Yoshihiko Kikuchi


Yoshihiko Kikuchi has been a general authority of The Church of Jesus Christ of Latter-day Saints since 1977, and was the first native Asian to be called as a general authority of the LDS Church.
Kikuchi was born on the island of Hokaido. His father served in the military and was killed by American bombing. Kikuchi joined the LDS Church in the late 1950s.
As a young man Kikuchi served as a building missionary for the LDS Church.
After completing his education, he worked for a cookware firm. Later, he worked as the national sales manager for an international company, and eventually operated his own export import company.
During this time, Kikuchi was also continuing to serve in the LDS Church, including as president of one of the church's branches in Tokyo. When the Tokyo Stake, the first formed anywhere in Asia was organized, Kikuchi was called as first counselor in the stake presidency.. He was later called as the president of the Tokyo Stake.

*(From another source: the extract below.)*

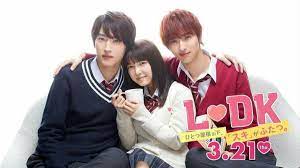 L Dk Two Loves Under One Roof Second Love Japanese Drama Live Action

In 1977, Kikuchi was called into full-time church service as a general authority. He became a seventy and member of the First Quorum of the Seventy at the church's October 1977 general conference.
After becoming a general authority, Kikuchi was assigned to preside over the affairs of the church in Japan. As area supervisor from 1978 to 1982, Kikuchi promoted rapid proselytizing of local adult converts, especially through baptism, and published graphs in the official Area News that tracked and compared the number of baptisms in each mission. However, as scholar Jiro Numano has noted, these "hasty baptisms" had negative effects on the church, which encountered difficulty integrating large numbers of newly-baptized converts unschooled in doctrine and practice, and on missionaries, who had to deal with apparently contradictory directions from different church leaders about how and whom to baptize.
From 1987 to 1989, Kikuchi served as president of the church's Hawaii Honolulu Mission. In 1987, Kikuchi was a keynote speaker at the first major African-American family history conference sponsored by the LDS Church. From 1994 to 1997, he served as president of the Tokyo Japan Temple. On October 1, 2011, Kikuchi was released from the First Quorum of the Seventy and designated as an emeritus general authority.
Kikuchi has been married to Toshiko Koshiya since 1964 and they are the parents of four children.